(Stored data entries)
━━━━━━

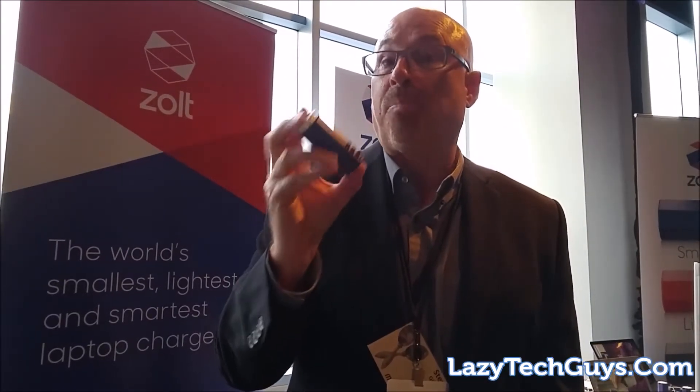There's a company out there called Zolt who basically said no more of that. They are going to create what they say is the world's smallest, lightest, and smartest laptop charger. To talk more about that, we talked to Steve Gibson, head of global marketing for Zolt. Tony, you're absolutely right — this is the world's smallest laptop charger plus.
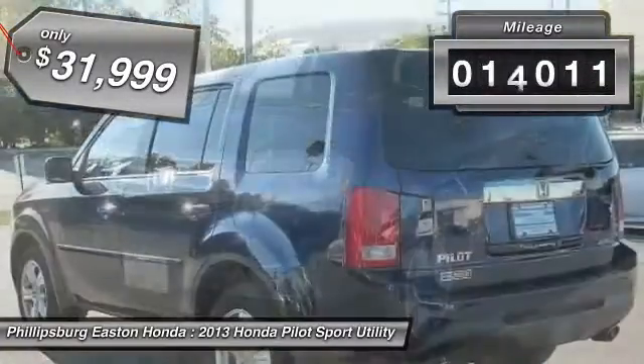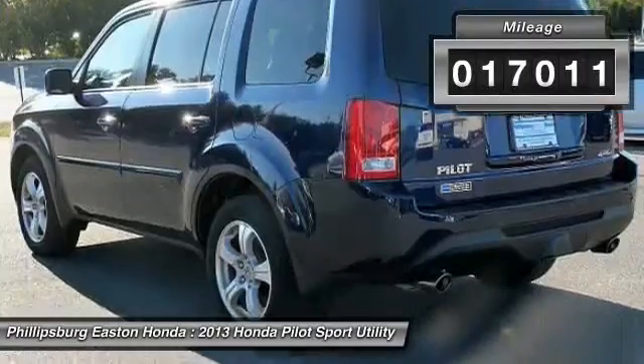This vehicle has less than 20,000 miles. Here are some of this vehicle's great options.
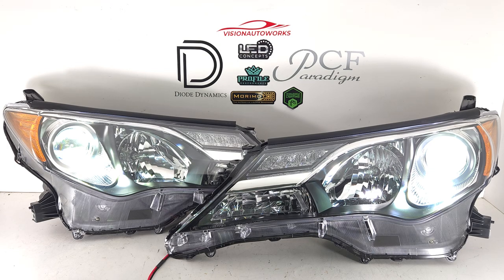Now, we can do other modifications as well, such as custom paintwork, halos, LED demon eyes — anything that is on our website would be available to get done on these headlights as well.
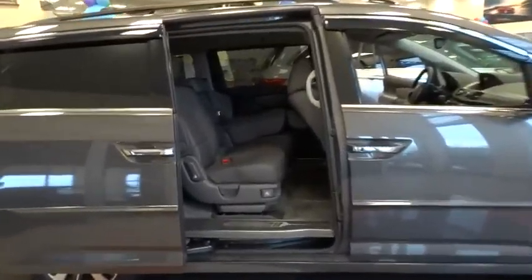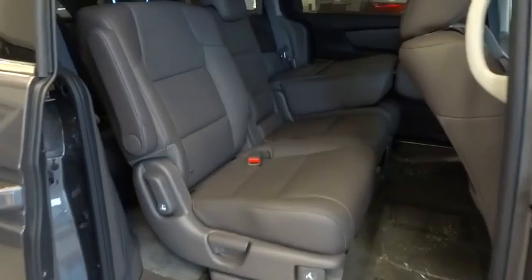This vehicle has less than 100 miles. Here are some of this vehicle's great options.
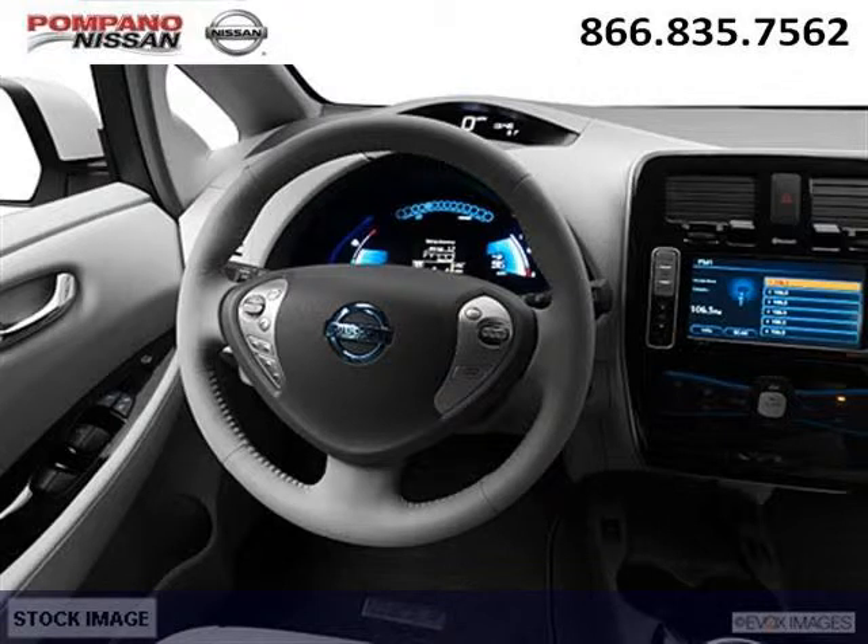Come in today and take a look for yourself. Pompano Nissan is the dealership for you, conveniently located in Pompano Beach, Florida off of South Federal Highway.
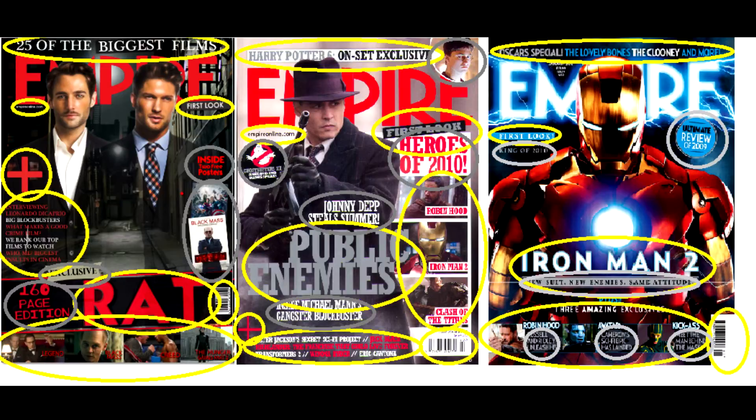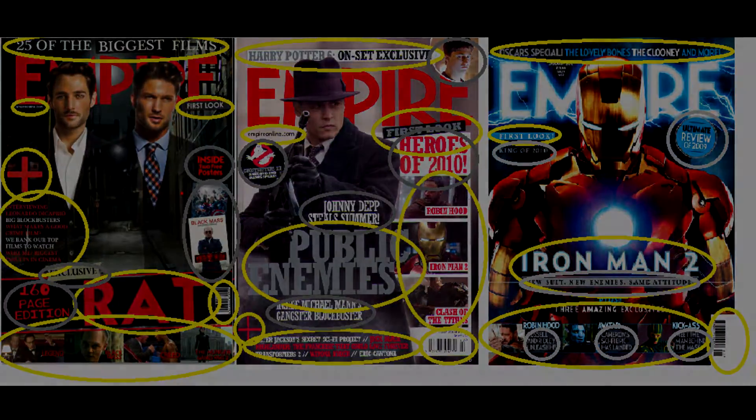I could even bring in actors and say from a certain type of film they've gone from this to this — such as it mentions Johnny Depp and how he plays such a big part in summer films. Just things like that to draw attention about the film, the magazine, and the cast themselves. I intend to use more captivating text to alert the audience, draw attention with interesting facts about the film, and I need to follow the layout a little bit more.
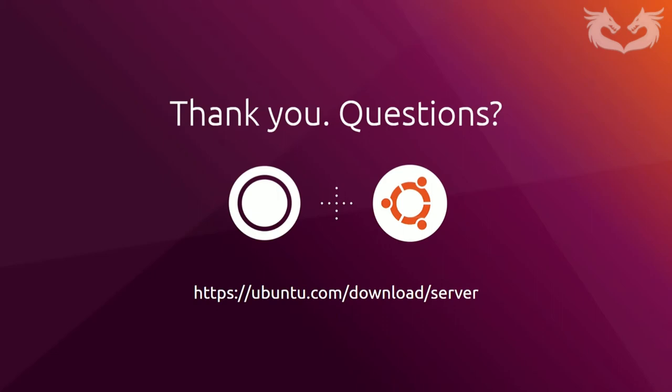We also have a managed apps webinar which aired last week — if you look in the Canonical BrightTalk channel you'll be able to view it with more information on managed apps.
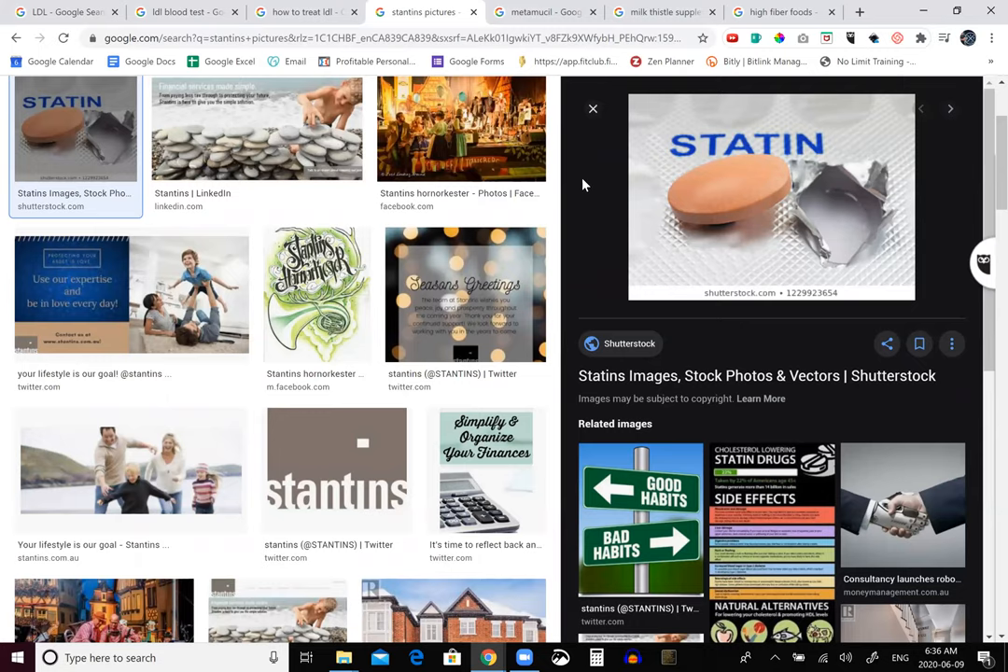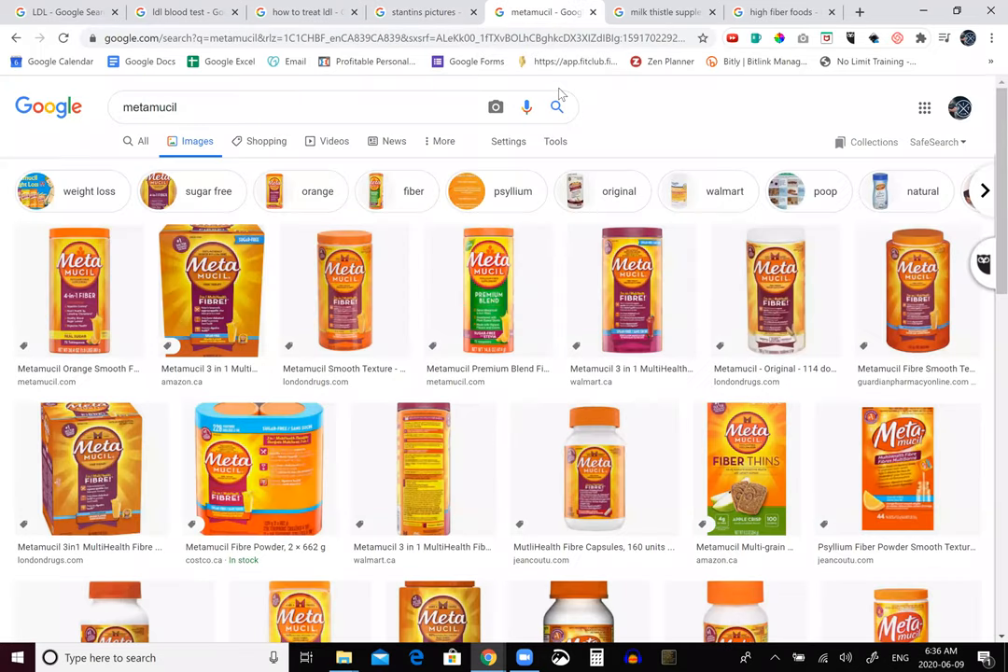Statins actually block the action of the liver that produces cholesterol. Some of the side effects that are noted are headache, muscle aches, and difficulty sleeping. Some of the natural ways to lower your LDLs is to increase your fiber — for women, you want 25 grams or higher, and for men, you want 40 grams or higher.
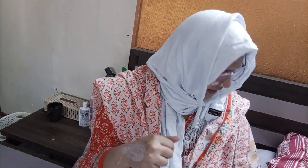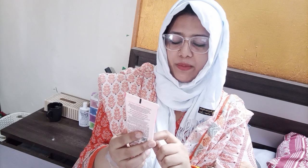Let's do this. This is the first one. Now this is Pond's Bright Beauty Spotless Glow facial foam. This is the 10X Glow Serum.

━━━━━━

* YOUR GOAL *
In the copy, include every line of the entries above exactly and none of the pictures.

* WRITTEN SOLUTION *
There's a company out there called Zolt who basically said no more of that. They are going to create what they say is the world's smallest, lightest, and smartest laptop charger. To talk more about that, we talked to Steve Gibson, head of global marketing for Zolt. Tony, you're absolutely right — this is the world's smallest laptop charger plus.
This vehicle has less than 20,000 miles. Here are some of this vehicle's great options.
Now, we can do other modifications as well, such as custom paintwork, halos, LED demon eyes — anything that is on our website would be available to get done on these headlights as well.
This vehicle has less than 100 miles. Here are some of this vehicle's great options.
Come in today and take a look for yourself. Pompano Nissan is the dealership for you, conveniently located in Pompano Beach, Florida off of South Federal Highway.
I could even bring in actors and say from a certain type of film they've gone from this to this — such as it mentions Johnny Depp and how he plays such a big part in summer films. Just things like that to draw attention about the film, the magazine, and the cast themselves. I intend to use more captivating text to alert the audience, draw attention with interesting facts about the film, and I need to follow the layout a little bit more.
We also have a managed apps webinar which aired last week — if you look in the Canonical BrightTalk channel you'll be able to view it with more information on managed apps.
Statins actually block the action of the liver that produces cholesterol. Some of the side effects that are noted are headache, muscle aches, and difficulty sleeping. Some of the natural ways to lower your LDLs is to increase your fiber — for women, you want 25 grams or higher, and for men, you want 40 grams or higher.
Let's do this. This is the first one. Now this is Pond's Bright Beauty Spotless Glow facial foam. This is the 10X Glow Serum.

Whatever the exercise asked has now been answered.